I don’t think this approach helps the stigma or helps people understand how sometimes, difficulties can be massively overwhelming and completely take over people’s lives. But they are understandable.
Jon Richardson met people with OCD and saw how much it affected them. he also recognised that when he was living alone and was struggling for work his ‘OCD’ got more severe. He slid up the scale as I would say.
Jon’s mum opened up about her own anxiety problems and said “I’d be surprised if some of my anxiety didn’t rub off on you a bit” this was very insightful, it doesn’t mean it’s genetic. I support Man Utd, so does my mum, genetic ? My mum liked Margaret Thatcher, I must have a recessive gene!
Jon wanted to know why, there were indications of life stressors in some of the people he interviewed (including himself), bullying, parental anxiety to name but two. As a Clinical Psychologist my biggest question is why? I always tell trainees and assistants that we’re like the eternal 4 year olds (I know about this one!) always asking why, for example:
X took an overdose – why?– she was attention seeking – but why? Why did she need you/us then? What was going on? How come that was the only way she felt she could get us to respond?
X has difficulties with getting on with other people, her emotions go up and down and she really worries about getting close to people. – Why? How do we make sense of that, how does she make sense of that?
X is messing about in school, she always gets thrown out of lessons. Why?Can she do the work? Is she anxious, is she struggling to concentrate? if so why? Is is because she has other things on her mind, is she troubled by thoughts? How’s life at home?
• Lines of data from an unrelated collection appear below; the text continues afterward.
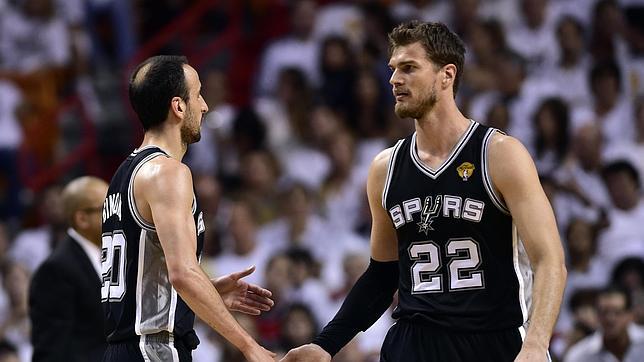Los Spurs salen de Miami con medio anillo en la mano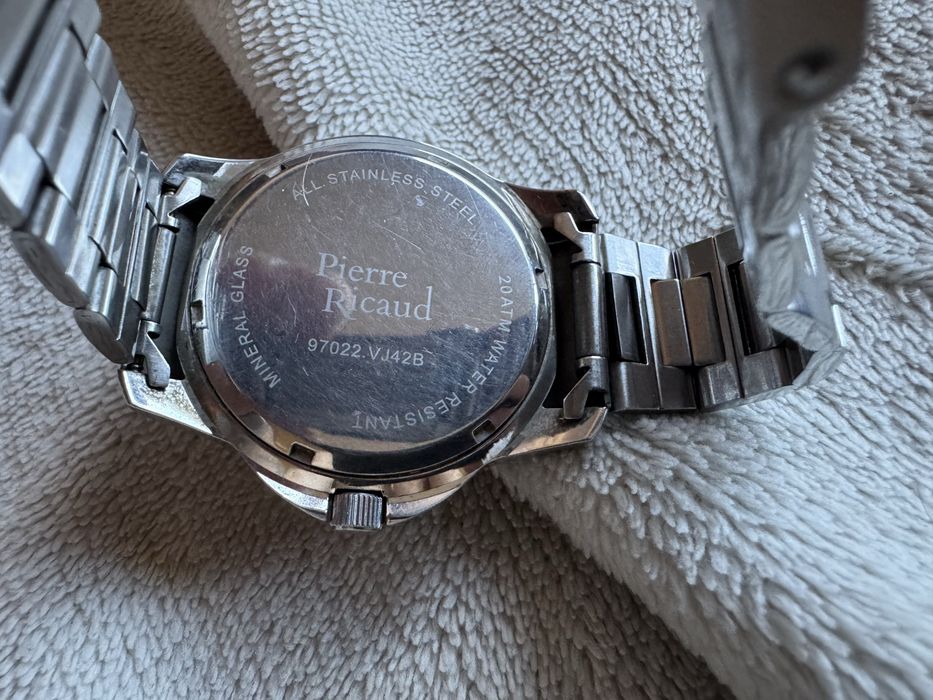 Zegarek Pierre Ricaud 200m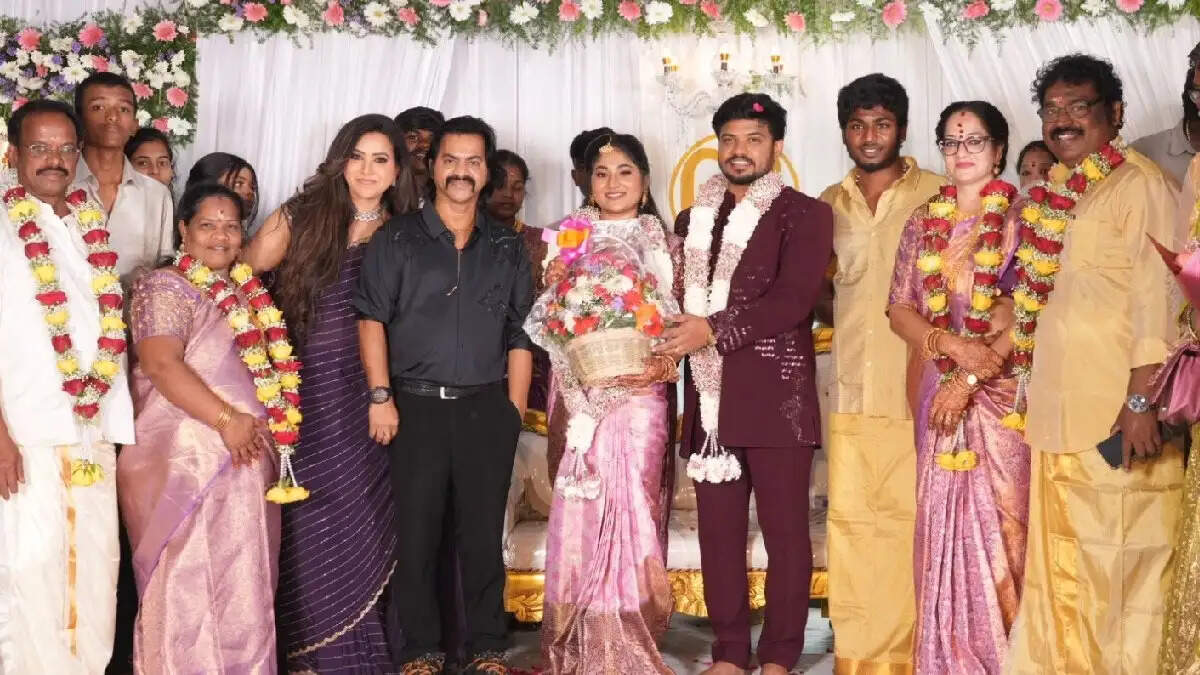 படையாண்ட மாவீரா கெளதமனை நினைவிருக்கா?.. கோலாகலமாக நடந்த மகள் நிச்சயதார்த்தம்!
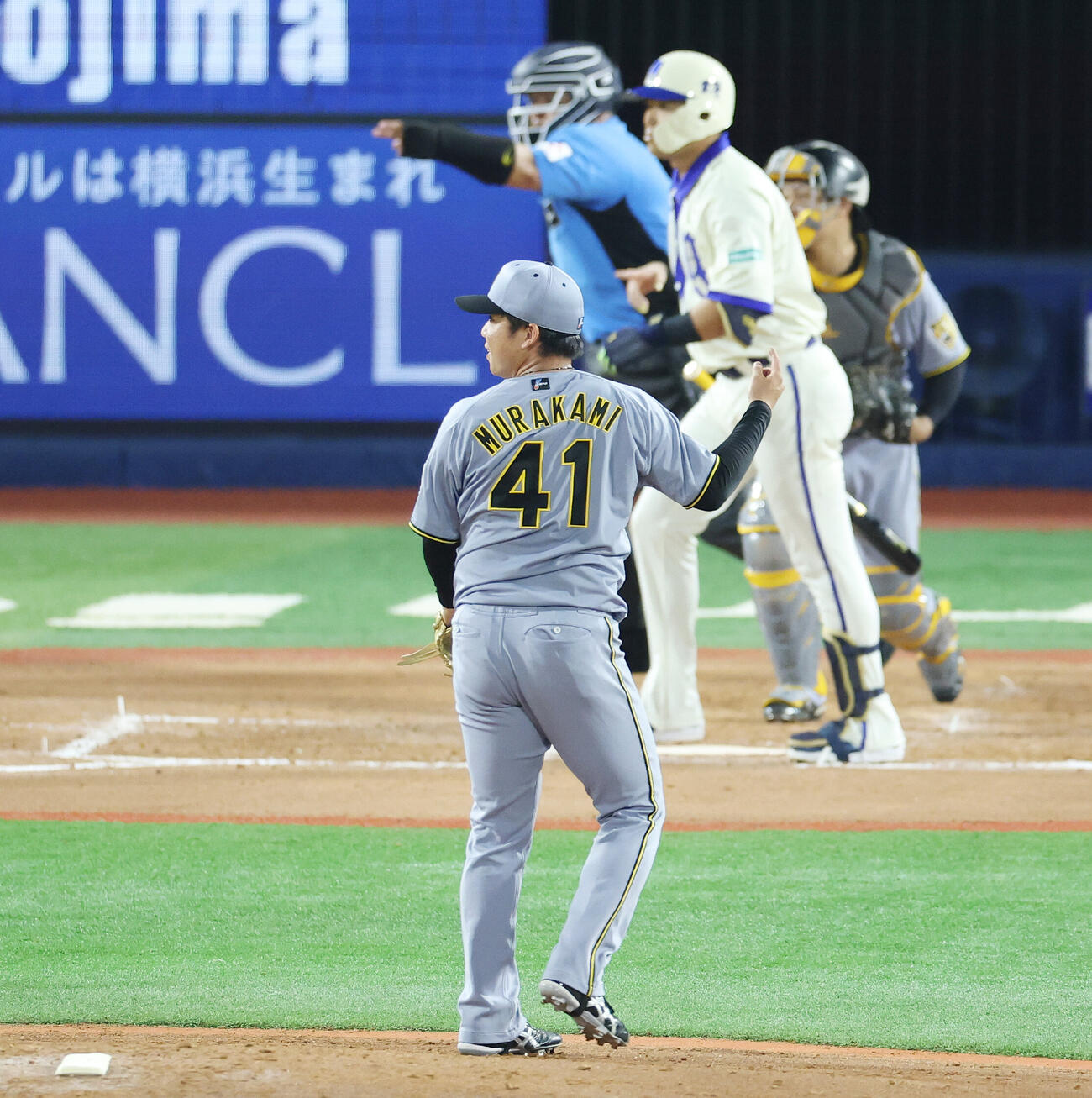 DeNA対阪神　7回裏DeNA2死、蝦名達夫から空振り三振を奪う村上頌樹（撮影・宮地輝）
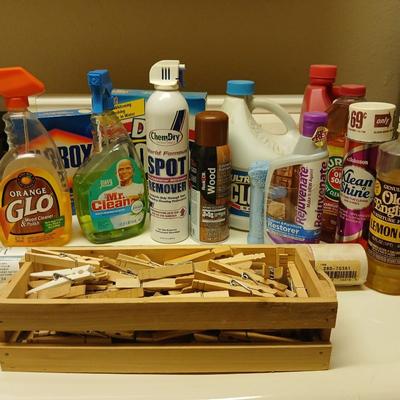 Cleaning supplies - partially full to mostly full cleaners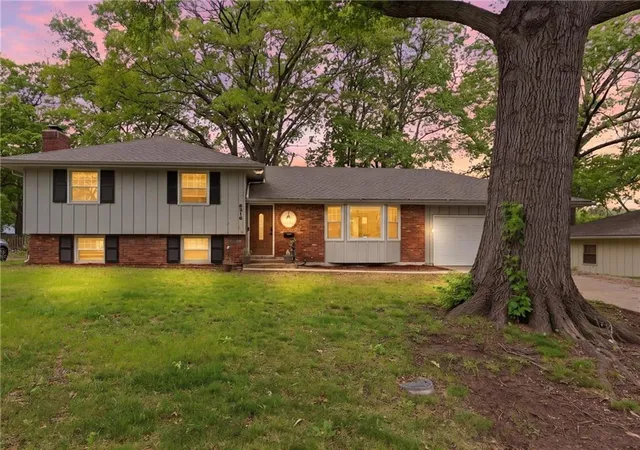Single family home for sale at 6316 Hedges Ave, Raytown, MO 64133 | MLS# 2641115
We also saw the level to which this continuum can go with Joyce’s account of her son and how he took his own life after battling with OCD. This was a heartbreaking, tragic account. The continuum is long. I think C4 have missed out that end a bit, breaking down stigma has to encompass all aspects of well being, not just the ones that look good on film.
I believe and I know many don’t agree, that if we’re to break down stigma we have to talk about mental well being as something which applies to us all. We are all on the continuum of well being. Someone tweeted me and asked if I had mental health problems, I said I didn’t at the moment but recognised I was as vulnerable as anyone else. She did not like that and found it condascending. I am truly sorry for that, but I do. I know that if my life took a downturn and any one of a number of potential life stressors happened I would be vulnerable to struggles with my emotional well being. Me personally, I may develop difficulties with obsessions and compulsions, or anxiety, low mood or psychosis, I can well imagine any of these. Again, I am in no way belittling people who battle and have battled for years with their difficulties, they are (at the moment at least ) higher up the scale than me. But they can come down and I can go up. Others may be more likely to become paranoid or develop difficulties with their eating, every one of us is vulnerable, no exceptions.
As I said in a blog for Young Minds UK, it’s not about them and us, it’s about us.
I want people to be seen as people and not problems. Problems need to be understood but by understanding how people work then we may get better at understanding people when they develop problems with their well being. That is what I think children and young people in school ought to be taught, not that there’s those with mental health problems and those without.
Jon has obsessions and compulsions (an obsession is the thought and the compulsion is the behaviour – basically I think anyway) but not OCD. He could be seen as having a little bit of OCD or he could be seen as Jon.
In some way we’re all a little bit Jon.